Disaster recovery best practices for Project Server 2007

Article
01/10/2017

This Office product will reach end of support on October 10, 2017. To stay supported, you will need to upgrade. For more information, see , Resources to help you upgrade your Office 2007 servers and clients.

Topic Last Modified: 2016-11-14

A disaster recovery plan should ensure that all your systems and data can be restored to normal operation quickly in the event of a natural disaster (such as a fire) or a technical disaster (such as a two-disk failure in a RAID-5 array). When you create a disaster recovery plan, you should identify all of the actions that must occur in response to a catastrophic event.

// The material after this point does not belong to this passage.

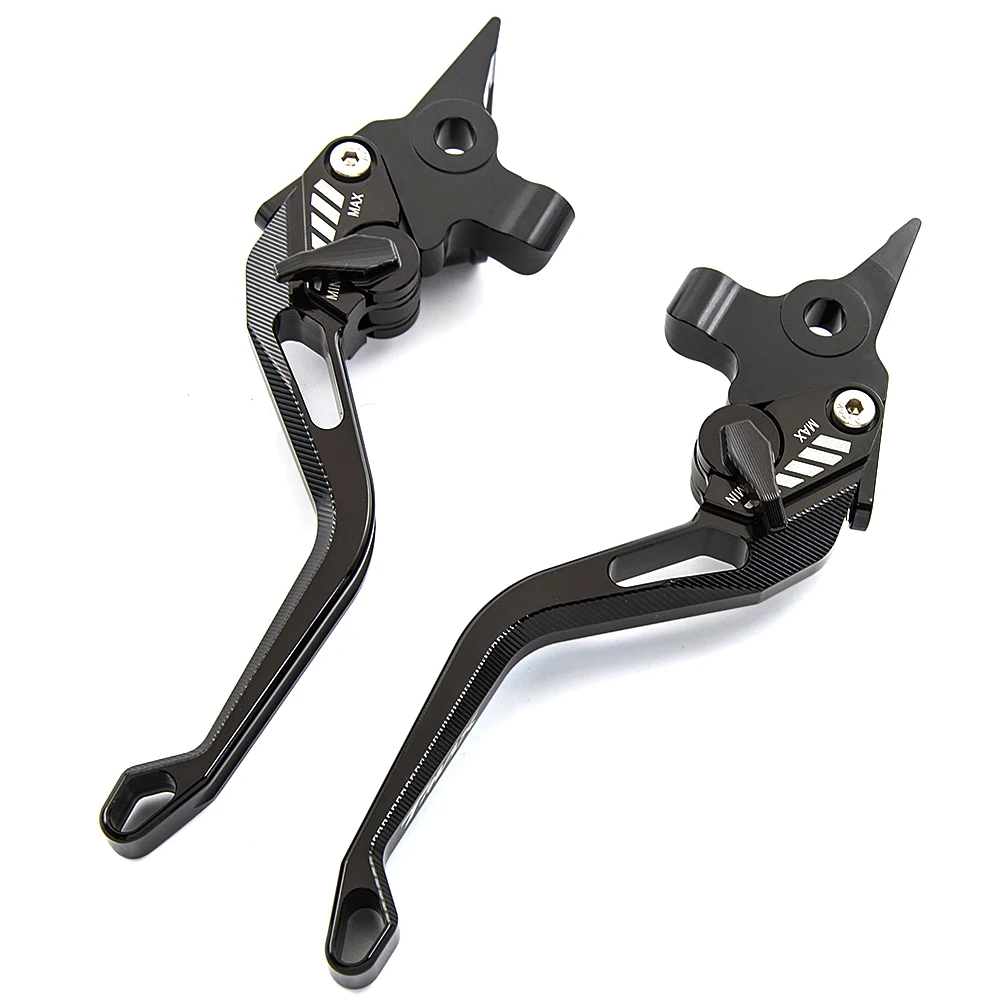 

For YAMAHA 500 TMAX 500 2008-2011Motorcycle Brake Clutch Levers Grips For TMAX 560 2020-2021 T MAX 530 DX TMAX 530 SX 2012-2019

Thoroughly test your backup and recovery plan before deploying Microsoft Office Project Server 2007 in a production environment. When testing, look for vulnerable areas by simulating as many possible failure scenarios as you can. We recommend that you verify your disaster recovery plan by simulating the occurrence of a catastrophic event.

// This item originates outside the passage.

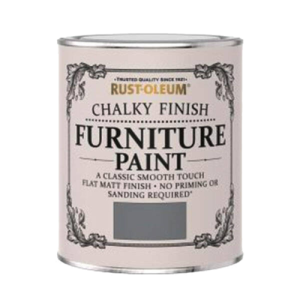 Rust-Oleum Chalky Finish Furniture Paint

When planning your disaster recovery strategy, consider the following questions:

To what medium will you send the backup (tape or disk)?
Will you do the backups manually or schedule them to be done automatically?
If backups are automated, how will you verify that they successfully occurred?
How will you ensure that the backups are usable?
How long will you save the backups before reusing the medium?
Assuming failure, how much time will it take to restore from the most recent backup? Is that an acceptable amount of downtime?
Where will you store the backups, and do the appropriate people have access to them?
If the responsible system administrator is unavailable, is there someone else who knows the proper passwords and procedures to perform backups and, if necessary, to restore the system?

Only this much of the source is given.